April 1, 1861: Within two weeks, The United States of America would formally declare a state of war in which the proposition of a United States would either be upheld or destroyed. South Carolina had presented a petition of secession on December 24, 1860.On January 9, 1861, Mississippi followed suit, joined in turn on January 10, by Florida and on the January 11 by Alabama.  The 16th brought the formal secession of Georgia. Louisiana troops had seized Fort Pike near New Orleans, and that state seceded on the 26th. By the time April rolled around, the country was in turmoil as more and more southern states aligned themselves with the Confederacy.  Delegates and legislators had all but abandoned their homes and offices in Washington D.C. The stage was set for the match that would light the fire of civil war.

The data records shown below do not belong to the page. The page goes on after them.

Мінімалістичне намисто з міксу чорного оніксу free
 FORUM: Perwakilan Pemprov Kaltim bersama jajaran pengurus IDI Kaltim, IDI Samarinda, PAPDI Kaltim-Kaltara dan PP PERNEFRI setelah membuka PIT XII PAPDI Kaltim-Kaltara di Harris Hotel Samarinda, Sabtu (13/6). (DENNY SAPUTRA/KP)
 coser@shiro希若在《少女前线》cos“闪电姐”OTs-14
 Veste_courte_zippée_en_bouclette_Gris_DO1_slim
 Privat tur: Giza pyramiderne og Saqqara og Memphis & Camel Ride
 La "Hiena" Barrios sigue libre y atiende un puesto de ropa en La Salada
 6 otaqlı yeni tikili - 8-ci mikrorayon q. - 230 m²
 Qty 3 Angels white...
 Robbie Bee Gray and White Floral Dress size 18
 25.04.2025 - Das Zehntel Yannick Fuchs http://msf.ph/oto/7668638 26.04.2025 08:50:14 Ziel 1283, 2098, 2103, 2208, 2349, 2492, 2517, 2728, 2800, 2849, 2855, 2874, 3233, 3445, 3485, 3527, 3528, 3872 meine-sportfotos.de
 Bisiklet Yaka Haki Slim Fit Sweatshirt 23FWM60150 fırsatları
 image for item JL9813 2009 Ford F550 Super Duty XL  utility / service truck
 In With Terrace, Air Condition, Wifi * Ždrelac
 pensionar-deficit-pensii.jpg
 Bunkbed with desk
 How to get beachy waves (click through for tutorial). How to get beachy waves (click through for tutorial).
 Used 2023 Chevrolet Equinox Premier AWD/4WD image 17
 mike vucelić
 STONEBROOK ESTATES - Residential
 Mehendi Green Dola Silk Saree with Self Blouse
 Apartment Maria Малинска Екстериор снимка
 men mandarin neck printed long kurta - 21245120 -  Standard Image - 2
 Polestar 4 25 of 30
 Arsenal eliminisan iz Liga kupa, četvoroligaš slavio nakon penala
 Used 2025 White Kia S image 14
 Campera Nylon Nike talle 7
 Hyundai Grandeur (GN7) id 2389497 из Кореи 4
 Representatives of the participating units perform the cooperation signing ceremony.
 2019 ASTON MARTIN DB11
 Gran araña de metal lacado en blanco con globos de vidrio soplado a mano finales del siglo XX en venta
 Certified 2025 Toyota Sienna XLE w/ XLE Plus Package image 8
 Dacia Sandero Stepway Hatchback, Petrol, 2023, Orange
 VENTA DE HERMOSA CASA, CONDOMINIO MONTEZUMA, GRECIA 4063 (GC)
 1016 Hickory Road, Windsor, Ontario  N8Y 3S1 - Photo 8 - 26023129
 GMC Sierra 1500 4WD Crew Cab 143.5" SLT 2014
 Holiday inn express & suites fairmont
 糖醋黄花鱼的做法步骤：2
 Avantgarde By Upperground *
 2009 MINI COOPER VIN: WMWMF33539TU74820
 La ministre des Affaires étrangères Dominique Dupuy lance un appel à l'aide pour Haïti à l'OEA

On this date, April 1, 1861, President Lincoln was busy, compiling lists and orders, and receiving suggestions, if not policy recommendations, from Secretary of State Seward.  One of the Secretary’s suggestions was to change the emphasis from slavery as a bone of contention, to one of whether or not the compact of unity or dominion still held the states together under the federal government. There were concerns about foreign powers interfering or at least trying to influence the internal crisis fomenting at home. It is said that Lincoln at last had to remind Mr. Seward that he, not the Secretary of State, was president of the United States.